Le Rex sind eine fünfköpfige Jazztruppe. Auch wenn Pepe sie zum Schluss liebevoll als «Beste Quasijazzband der Welt“ bezeichnet, sind sie doch der rote Faden des Abends. Absolut stilsicher und versiert bewegen sich die Musiker auf zurückhaltende Art und Weise durch das stündige Set. Was keinesfalls heissen soll, dass die Musiker teilnahmslos auf der Bühne für etwas Inventar sorgen. Die fünfköpfige Truppe weiss genau, wie wichtig es ist, in den richtige Momenten Gas zu geben, etwa bei den virtuosen Soli oder den schnelleren Songs.

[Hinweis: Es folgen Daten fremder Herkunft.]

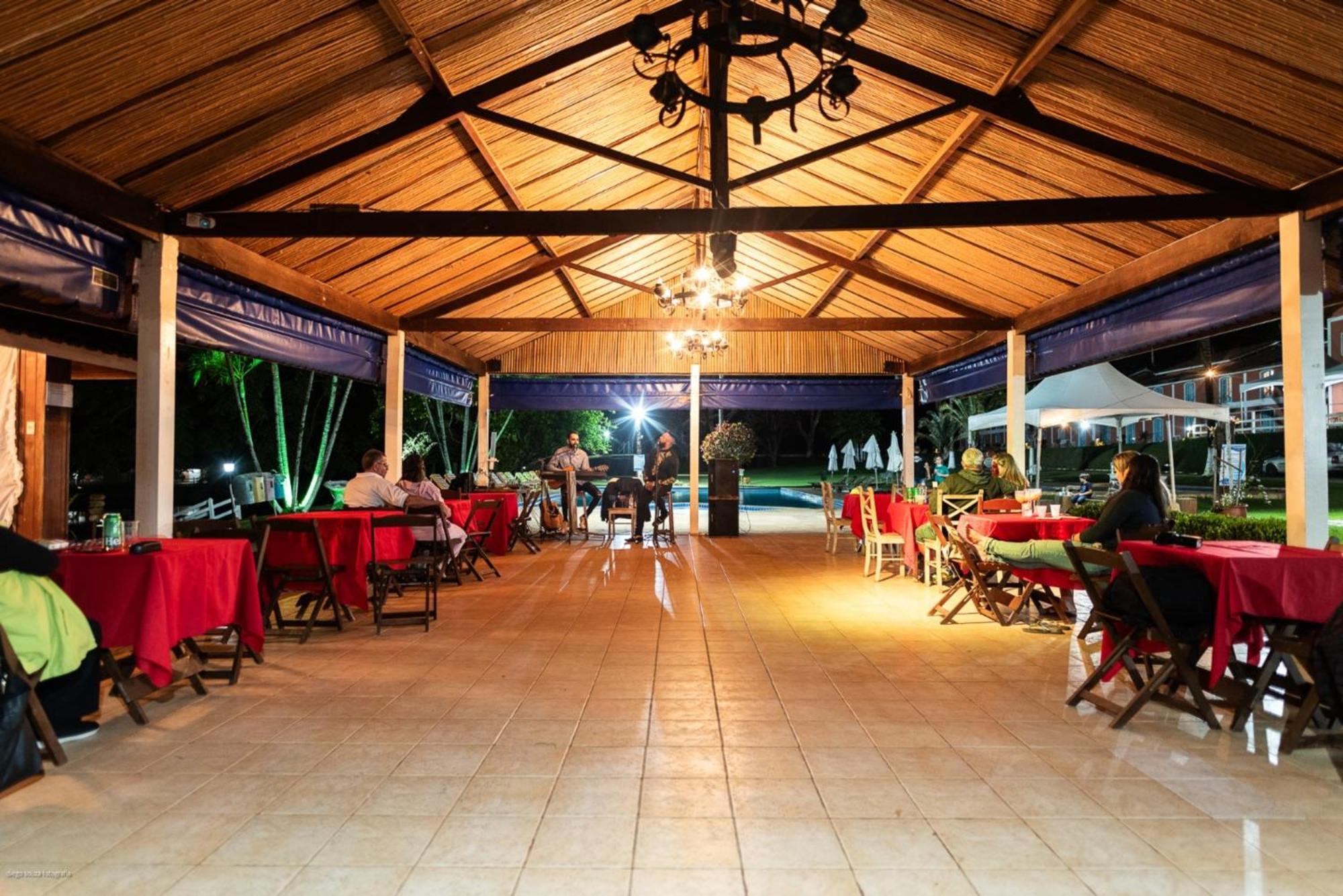 Hotel Fazenda Cachoeiras De Cavaru Васорас Екстер'єр фото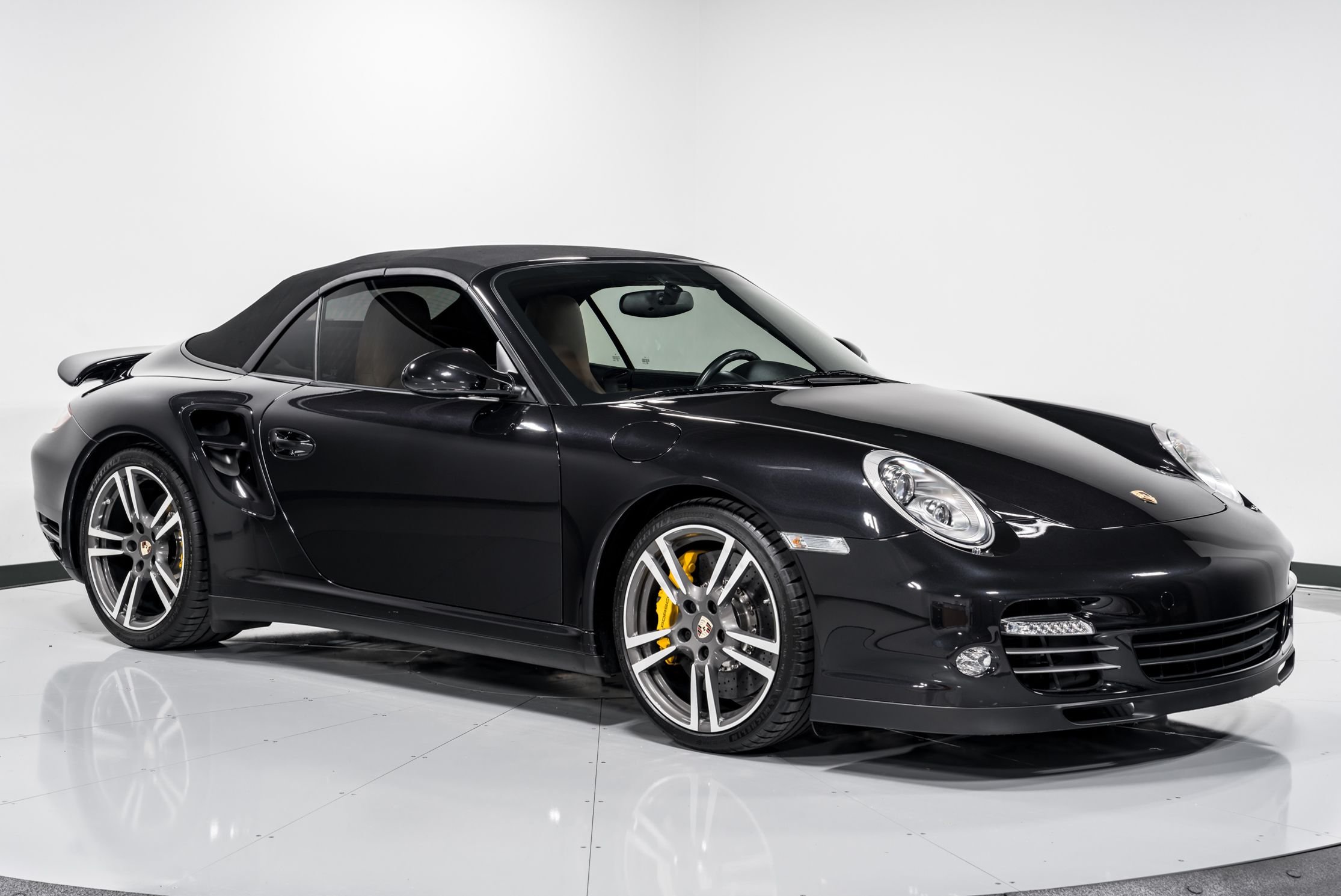 2013 Porsche 911 Turbo S Cabriolet 39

Überhaupt baut Pepe sein Set dramaturgisch geschickt auf, startet mit einigen gemütlich swingenden Stücken, steigert dann langsam sowohl das Tempo als auch die rhythmische Abwechslung und führt so die Zuschauer behände an seine Musik heran, bevor der königliche Jazzsturm seine volle Kraft entfaltet. Spätestens bei «Gschichtsbüecher my Ass», das durch geschickte Nutzung der Historie auf das Thema Sex kommt, ist die Stimmung nämlich ausgelassen. Nicht kochend, aber begeistert, Pepe und Le Rex sind in ihrem Element und die Zuschauer hören den «Schnapsideen», wie Pepe seine Songs einst selbst genannt hat, aufmerksam zu und goutieren die Leistung der Band mit frenetischem Applaus. Was Pepe mit «Schnapsideen» meint, wird vielleicht bei «I u mi Fründ der Supermario» am deutlichsten. Die fiepsende und piepsende Hommage an die vielleicht bekannteste Gamefigur amüsiert, ein älterer Herr klöppelt gar mit einem leeren Cognacglas im Takt auf der metallischen Bar. Der Blick im Raum verrät, es wird im Takt gewippt, dem Pepe zugehört, wie er in «Chrischi» das Leben mit einer Kirsche vergleich. 

 

Am ersten Konzert der Premierenausgabe der Winter Sounds stimmt ziemlich alles. Der Soundmix ist klar und deutlich, das Publikum ist angenehm konzentriert und die Band ist in einer blendenden Verfassung. Pepe zeigt sich als charismatischer Geschichtenerzähler, weckt Assoziationen zu Mani Matter, denn wäre dieser nämlich in den Roaring Twenties zum Helden geworden, er hätte wohl genauso geklungen, wie King Pepe an diesem kalten Februarabend.